Astronomy in Serbia is developed in accordance with the country's economic capabilities, or even slightly above them. Astronomical Observatory Belgrade (on Zvezdara), founded in 1887, is one of the oldest scientific institutions in Serbia. Serbia is a member of the International Astronomical Union since 1935.
Astronomical Observatory Belgrade remains the only professional observatory in Serbia. The observatory has eight professional telescopes, and is currently completing a new station on the mountain Vidojevica near Prokuplje. There are also several smaller public and university observatories: the Public Observatory in Belgrade, Novi Sad Astronomical Observatory and Belerofont Observatory in Kragujevac. There are two planetariums: in Belgrade and Novi Sad.

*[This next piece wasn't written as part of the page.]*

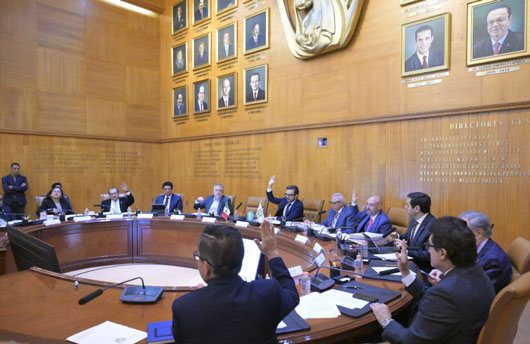 Aprueba H. Consejo Técnico del IMSS nombramiento de tres   directoras normativas y 11 representantes estatales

Astronomy is taught in primary and secondary schools, but only as a part of other courses. Of great importance in teaching of astronomy is the Petnica Science Center. Five universities in Serbia offer the studies of astronomy: universities of Belgrade, Novi Sad, Kragujevac, Niš and Priština. From these, at the University of Belgrade have so far graduated 242 astronomers, and 6 astronomers at the Novi Sad; 4 more astronomers who have graduated abroad are working in Serbia.
Several journals devoted to astronomy are published: Astronomija, (discontinued since 2009), Vasiona and others. Also, since 1936, a scientific journal, Serbian Astronomical Journal is published.